Dressed to talk?



In our last poll,  many of you – almost 60% – said the National Council conducts its debates well. Very good. And, most of you said that there’s a lot to be desired in the way the National Assembly conducts its business. That’s bad.

Our poll results, incidentally, may have a relation to the respective Houses’ policies on live TV broadcast. The National Council welcomes it. And, the National Assembly does not allow most of its proceedings to be telecast live.

Even though I’m a member of the National Assembly, I’m inclined to agree with the results of the poll. What’s more, I do believe that the quality of the discussions – in style if not in substance – were much better in the earlier Assemblies, when the members, mostly farmers, did not have to produce a formal university degree to establish their ability to legislate.

There’s another area where today’s National Assembly is put to shame by previous national assemblies: textile. Bhutan’s rich tradition of hand-woven intricate fabric were celebrated and showed off, in a riot of colours and patterns,  in every one of the past assemblies. And as the honourable members sought to outdo each other, their wardrobes of fine silk also grew. I learnt that one member, a dzongdag, had collected 30 silk ghos. While another, his rival, also a dzongdag, had amassed no less than 35 silk ghos.

I’m not sure if we can, or if we even should, do anything about the quality of the clothes we wear in the Parliament. But we definitely must improve the quality of our debates. And, the perfect way to start would be to reintroduce live TV broadcast to cover all our discussions.

Our next poll is a serious one: is drug abuse already a problem?


Facebook Comments:


  1. While it is the debates that are important, I wouldn’t shy away from dressing nicely. This means wearing Gho’s and Kira’s that are woven by our untiring weavers who spend hours and hours to weave the elaborate Ghos and Kira’s. It is also a way to preserve our tradition and culture and beyond doubt it is the preservation of our authentic patters of clothing in Bhutan. This is also a market created for our weavers that are fighting a loosing battle to teh machine made Gho’s and Kira’s that come to our market from India. While cheaper clothes are important to be in our market, we need a market to promote our traditional weavings and the market is undoubtedly the dress at the Parliament and the elaborate ceremonies we have like festival, weddings and meetings etc.


  2. I totally agree. The assembly discussions/debates were a lot better before. Atleast, they were talking about issues that affected them directly and there were ahardly any vested interest. I really want to believe that politics is “not dirty” as most of us – and so does the world percieve. But it is also unfortunate that Bhutan cannot set or claim to set an example of a good democracy that stands upto its principles. Its as though politics has to stand dirty and we are not different.

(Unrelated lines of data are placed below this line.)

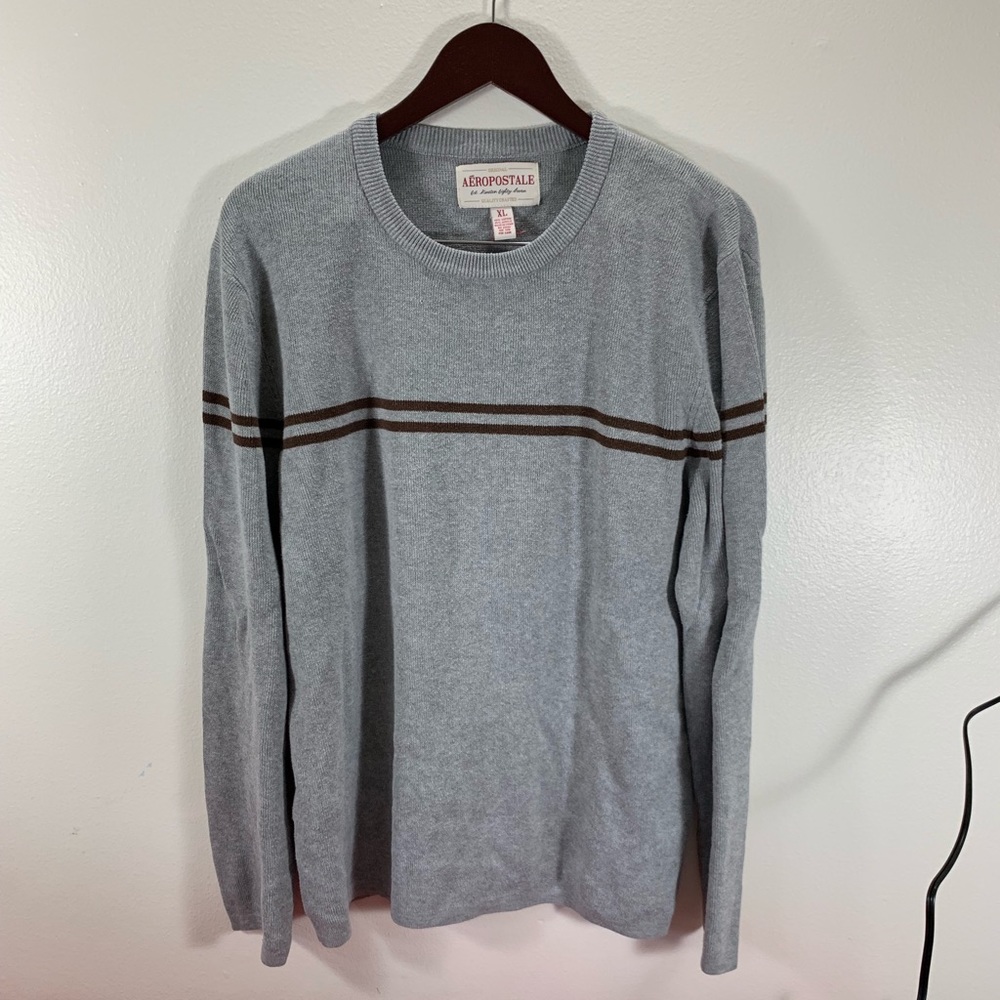 Aeropostal Men’s XL Grey Striped Sweater
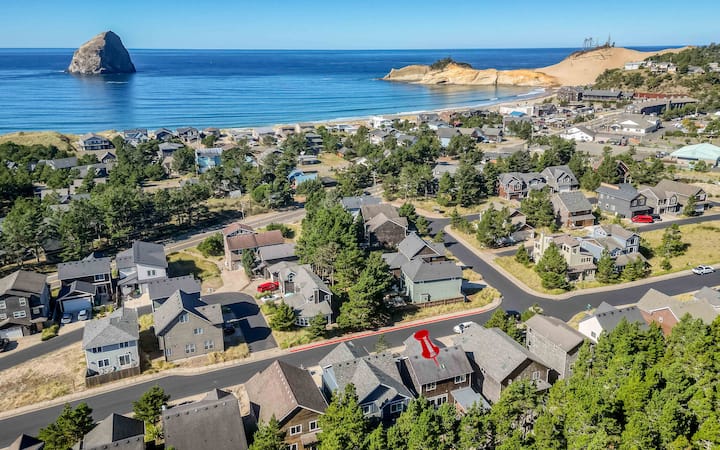 Dory Pointe Home With Hot Tub, Game Room, Fire Pit - Pacific City, OR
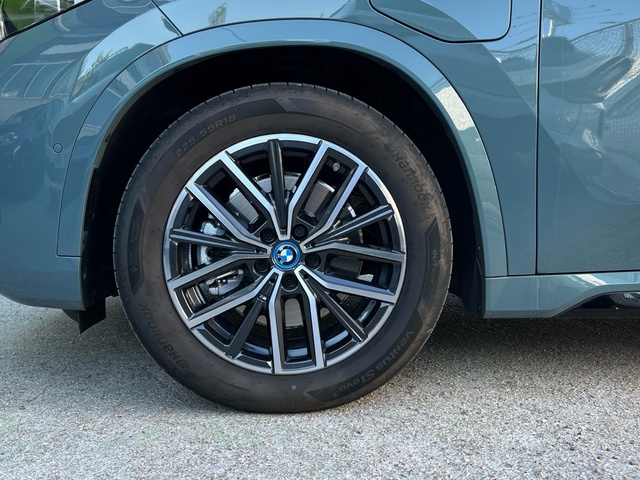BMW X1 xDrive25e color Verde. Año 2025. 180KW(245CV). Híbrido Electro/Gasolina. En concesionario Celtamotor Vigo de Pontevedra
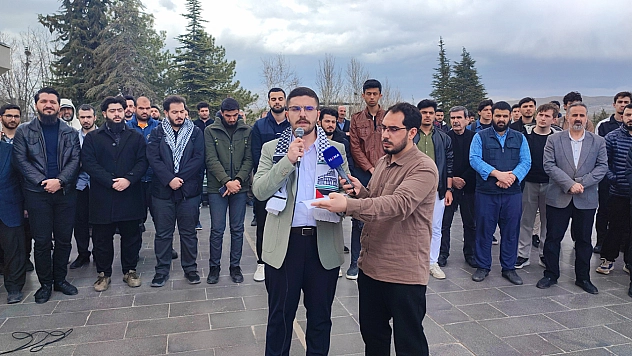 Malatya'da üniversite öğrencilerinden 'Miraç ve Esir Cuma' çağrısı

    We are only different in the sense that we are newer than the rest of the world.
    And that is another mistake we make I guess- claiming we are special/ different when we are just like the rest of th world. We are only different because instead of admitting that we are weak we make excuses, instead of admitting that it is truly for the sake of people who don;t want the public to see how useless they are in deliberating public good , they say live TV is expensive. I would rather money was spent there than build huge mansions for the cabinet. or pay them less so that they could buy one less silk ghos just for the assemly.

    And i would certainly wished members put egos, personal issues aside and talked public interest.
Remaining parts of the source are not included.